Das wahrscheinlichste Outcome: Man schläft ein und Menschenskindnochmal, ist man danach aber gut ausgeschlafen! Die andere Möglichkeit: Es ergibt sich eine leicht ins Meditative spielende Tiefenentspannung (letztlich sind die Endergebnisse also gar nicht so unähnlich).
Worum es mir geht: Der gleichmäßige Rhythmus, die wiederkehrenden Wendungen, die Endreime, das entspricht in vielerlei Hinsicht einem rituellen Reden und das ist ja womöglich einer der wesentlichen Ursprünge der Lyrik überhaupt. Das vielleicht schönste und gültigste aller Liebesgedichte steht ja entsprechend auch in der Bibel und hat ein deutlich sakrales Gepräge, erinnert an alte Fruchtbarkeitshymnen. Ich meine das Hohelied. Und auch hier haben wir ja diese ständigen, gleichsam um sich selbst kreisenden Wiederholungen ("Siehe, du bist schön, meine Freundin, siehe, du bist schön, deine Augen sind Tauben / Siehe, du bist schön, mein Geliebter, ja, holdselig, ja, unser Lager ist frisches Grün.").
Warum hat aber nun der Wortzauber von Agnetes Kranz bei Dir nicht "gezündet", lietze? Vermutlich (und in sofern hast Du in Deinem obigen Statement ja fast richtig gelegen) weil Du beim Lesen versucht hast, der "Message" auf der Spur zu bleiben und darüber hast Du sozusagen die Abfahrt verpasst, bei der dieser lange Text in den wortmagischen Bereich abbiegt.

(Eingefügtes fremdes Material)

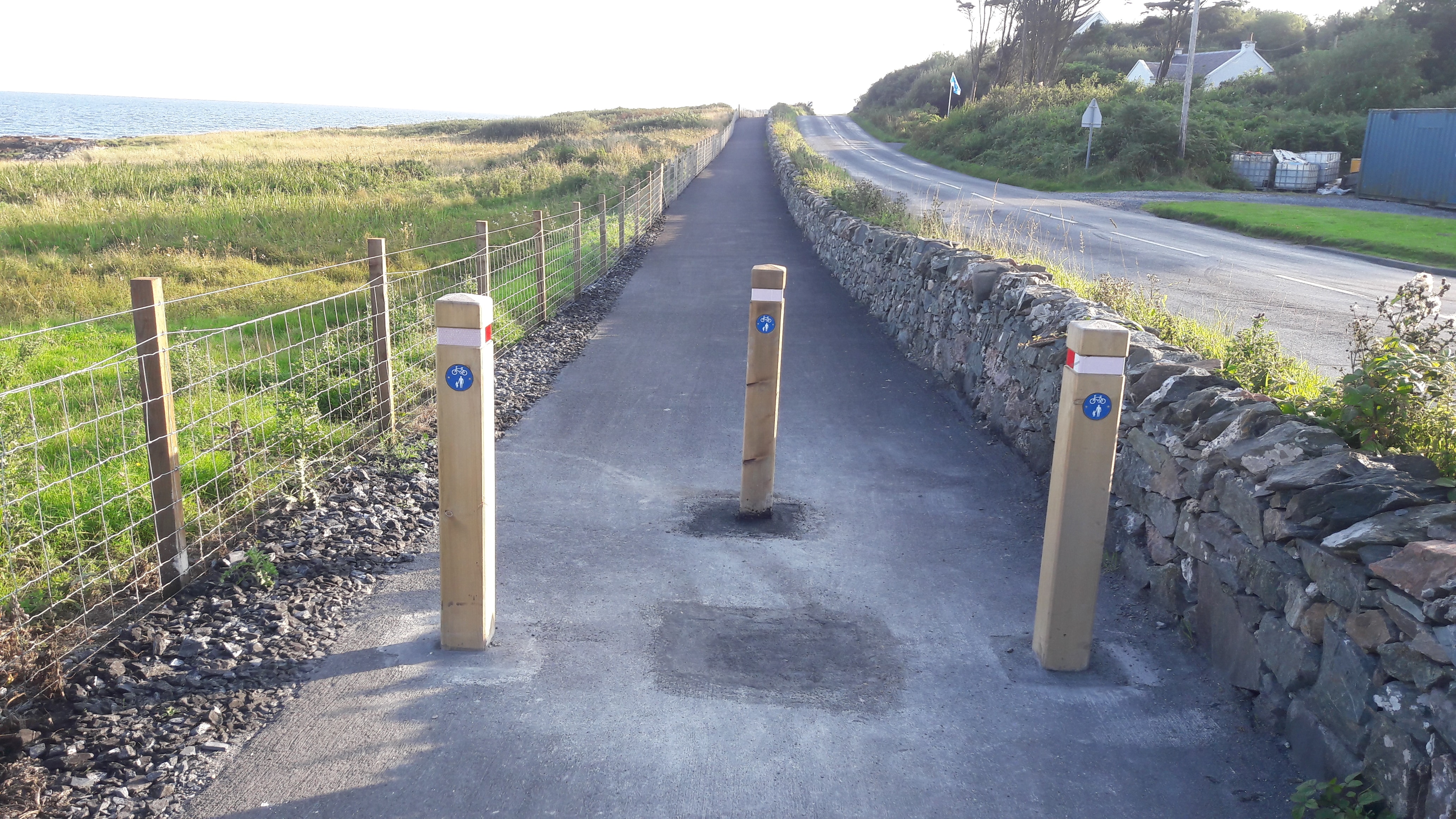 Entrance to a rural path alongside a road on Islay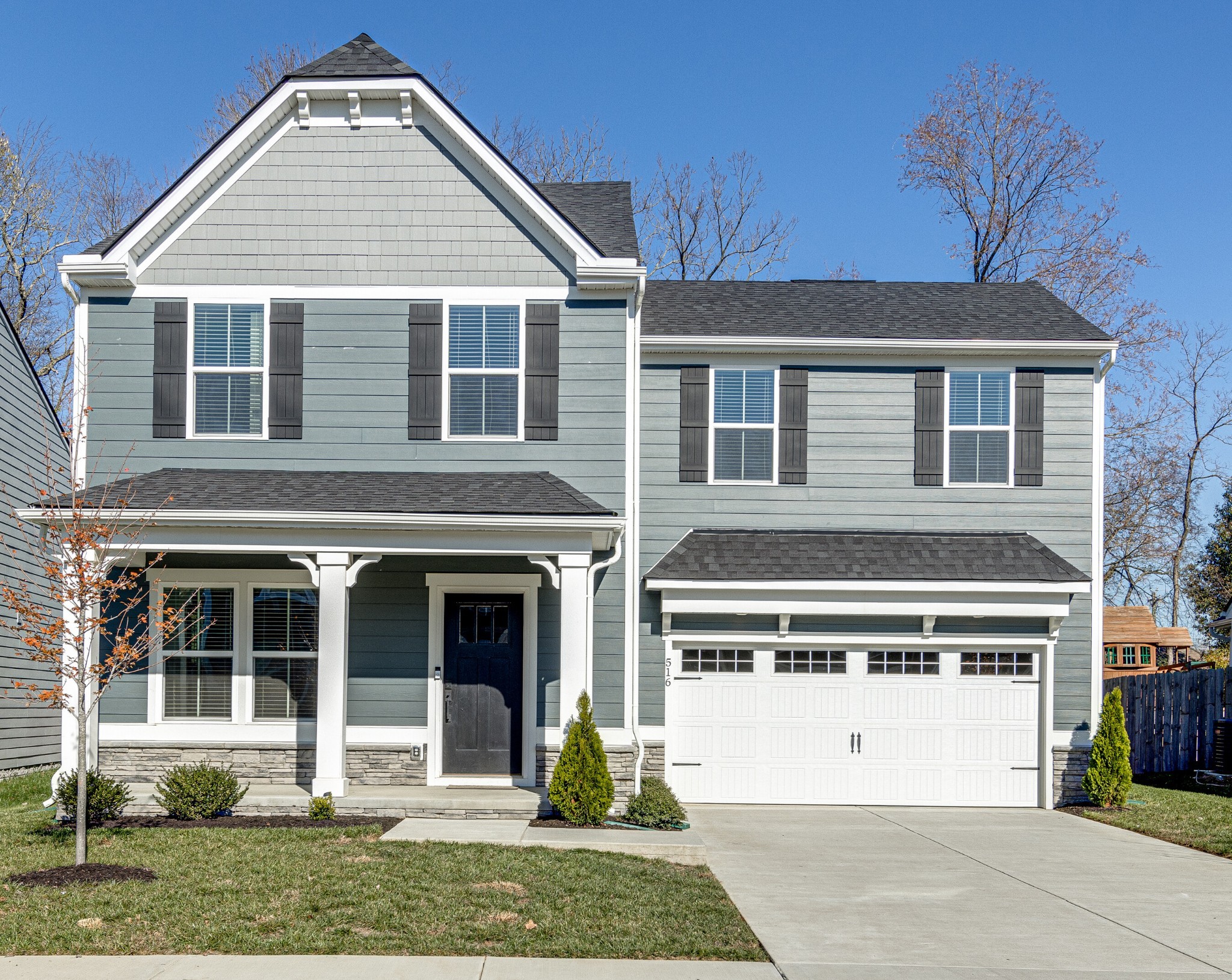 front view of a house with a yard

Wer von Lyrik einen "Mehrwert" fordert, der über das explizit Gesagte hinausgeht (ich unterstüzte diese Forderung vorbehaltlos), der ist dann irgendwann etwas frustriert.
Dieses, sozusagen, "Missverständnis" liegt natürlich auch daran, dass Agnetes Text sich eines klassischen "hohen Tons" weitgehend enthält und auf diese Weise durchaus dazu verführt, die Sonette als nüchterne Analyse zu lesen. Das ist schon beinahe ein bisschen abgründig: Sprachkunst tarnt sich als Analyse, die sich als Sprachkunst tarnt.
LG!
S.
P.S.:
@Agnete : Wirklich schön, Dich hier wiederlesen zu können!